= Raw data =
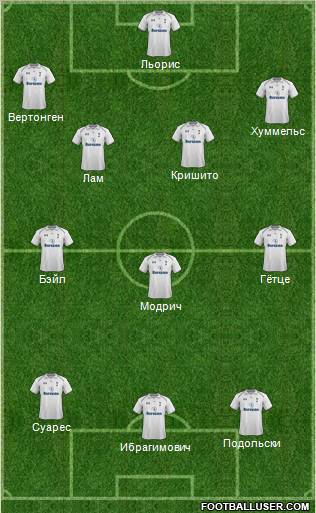 Tottenham Hotspur Formation 2012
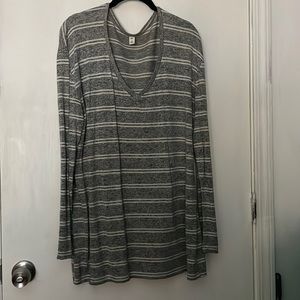 BP., Size Medium, Grey and White Striped.
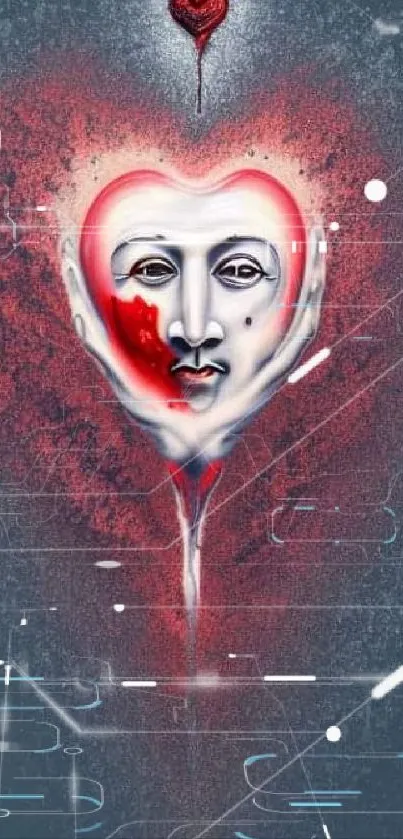 Surreal heart-shaped face art with red and grey tones, perfect for mobile wallpaper.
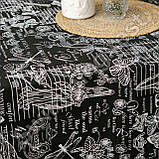 Скатертина на стіл лляна бавовняна 110*150 см на обідній стіл "Версаль Чорний", фото 4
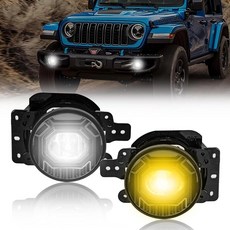 OFFROAD GAMERS LED 안개등 드라이빙 램프 어셈블리 교체품 (지프 JL용(화이트+옐로우)), For Jeep JL (White+Yellow)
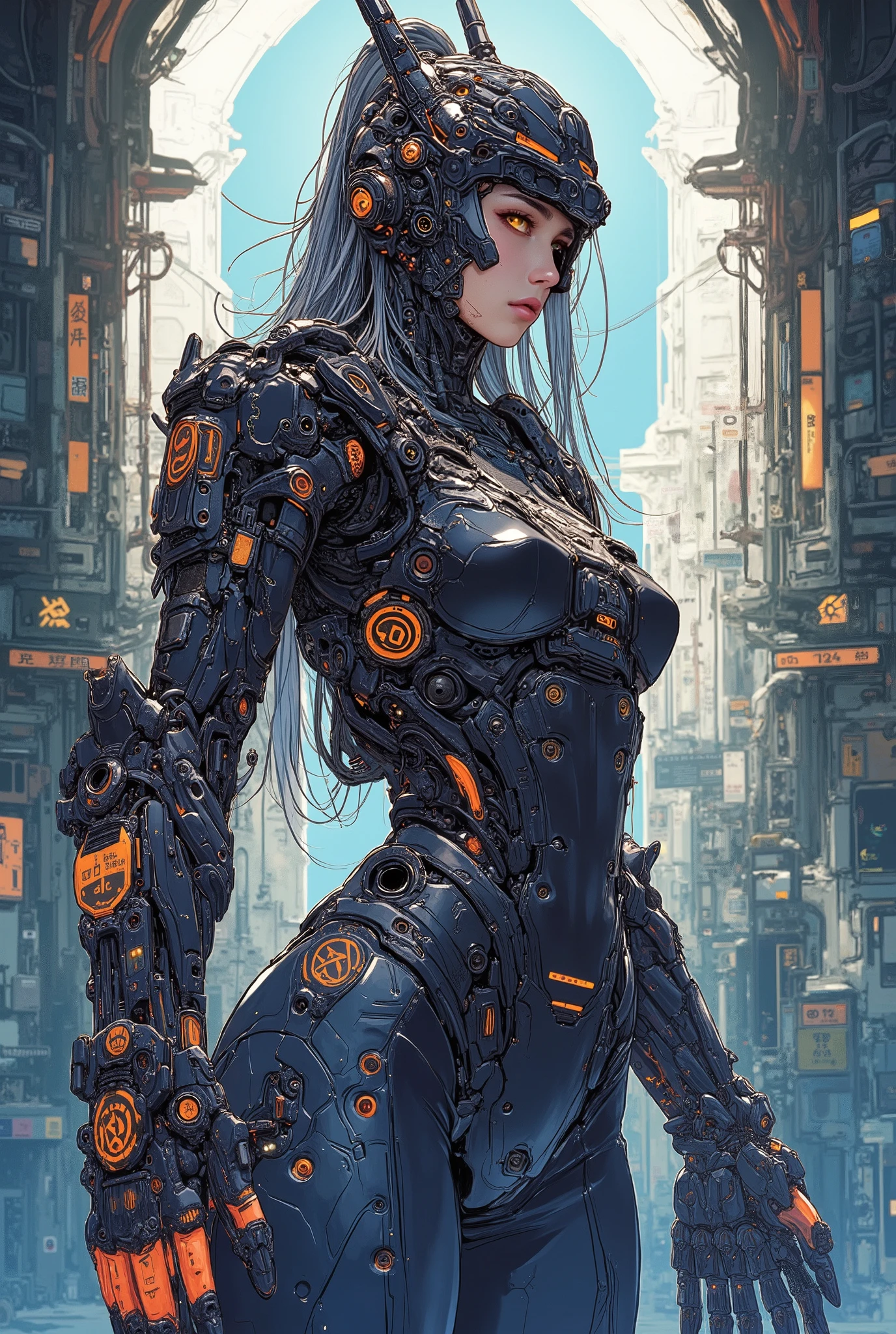 ((anime art style illustration) of (perfect Asian cyberpunk girl))), (((wearing incredibly detailed ornate cyberpunk samurai armour))), ((LED lights)), (shapeless long hair), perfect features, ((((full figure) dynamic pose))), (((starship interior))), abstract beauty, near perfection, pure form, concept art, intricate detail, 8k post-production, High resolution, super Detail, art station Trends, sharp focus, studio photos, intricate detail, Very detailed.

= What needs to be done =
Return exactly the part of the listing above that opens with the line containing "BP., Size Medium, Grey and White Striped." and closes with the line containing "Скатертина на стіл". Pictures stay out.

= Answer to this problem =
 BP., Size Medium, Grey and White Striped.
 Surreal heart-shaped face art with red and grey tones, perfect for mobile wallpaper.
 Скатертина на стіл лляна бавовняна 110*150 см на обідній стіл "Версаль Чорний", фото 4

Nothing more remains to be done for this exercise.